When the cosmos was taking shape, the fireball was in its prime.
There was only the indeterminate, undifferentiated primeval soup.
You couldn’t get anything out of it,
How hard or how long you did scoop.
Then rose the anaerobic forms (of shall we say life)
Setting some criteria.
Paving the way for the rise of many strains of bacteria.
From bacteria to unicellular creatures.
To amoeba with shapeless features.
From reptiles to winged beast that nightly feasts.
From Dinosaurs to the fleet footed arboreal beasts.
Ladder upon ladder, brick by brick.
The evolutionary strategy unfolded its trick.
(Only partly discovered by Watson & Crick)
Till the creation of our cousin - Man
At this point it seems, the unforeseen fingerers
On further innovations put a ban,
But of all the species the most selfish is man.
His altruism has different meanings in different contexts.
So that he can kill sperm whales and his own infants on various pretexts.
The other species enriched the genetic pool furthering the evolutionary end.
But if things are left to man himself he will to himself and to evolution itself put an end.
In his moment of glory unfolds his tragic story.
He has measured the interstellar spaces, propounded the relativity theory.
He has delved into the heart of the atom and mapped the subfor nical region.
He has listened to the music of spheres, the call of the
Men of vision.
But alas!
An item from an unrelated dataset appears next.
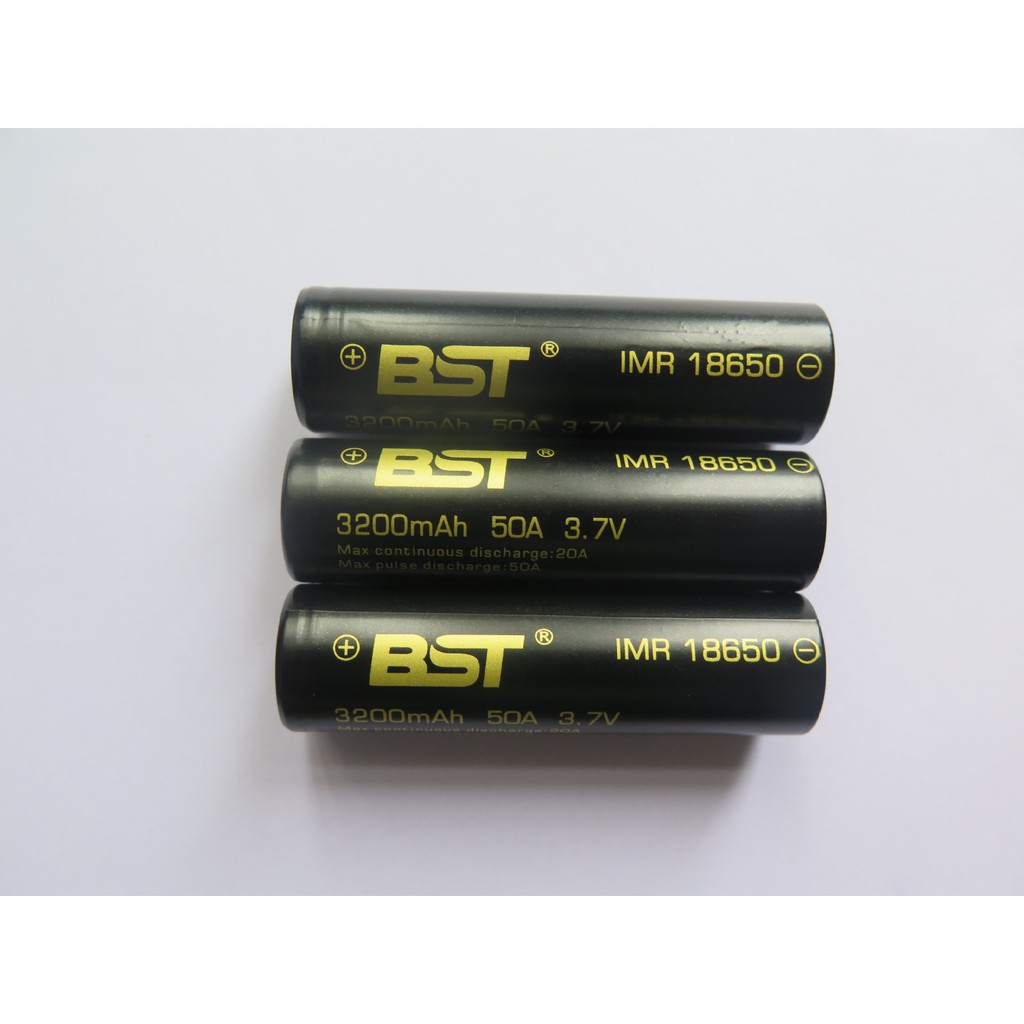 Pin 18650 BST 3.7v 3200mah 50A có 2 đầu phẳng dung lượng và dòng xả cao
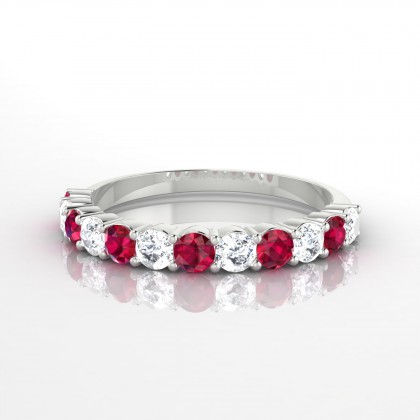 Confidence Alternée Bague Rubis en Or blanc 18k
Is his mind within the governance of his reason?
There is the other strain - The Siren’s song.
The one that urges them on to suicide and swan’s song.
The Pied piper comes in every age - only the disguise varies
He plays a tune which urges them to give in to irrational vagaries.
In the days of yore it was the sea-deep and blue
In our times they are the Perishings, the Cruise and the Tridents - in steel grey hue.
The ozone layer depletion, the urban chaos,
The population boom, the superpower fracas,
The scourge of AIDS, the deadly plague.
The endless hedonism, the death wish vague.
Drugs, psychiatric abuse, mass manipulation.
Funless fornication and instant gratification.
It is the tragic flaw of which the Greek playwrights warned.
And how would the world end?
Not in the manner one of their kind suggested,
Not with a ‘whimper’; not in a calculated cataclysmic upheaval as predicted.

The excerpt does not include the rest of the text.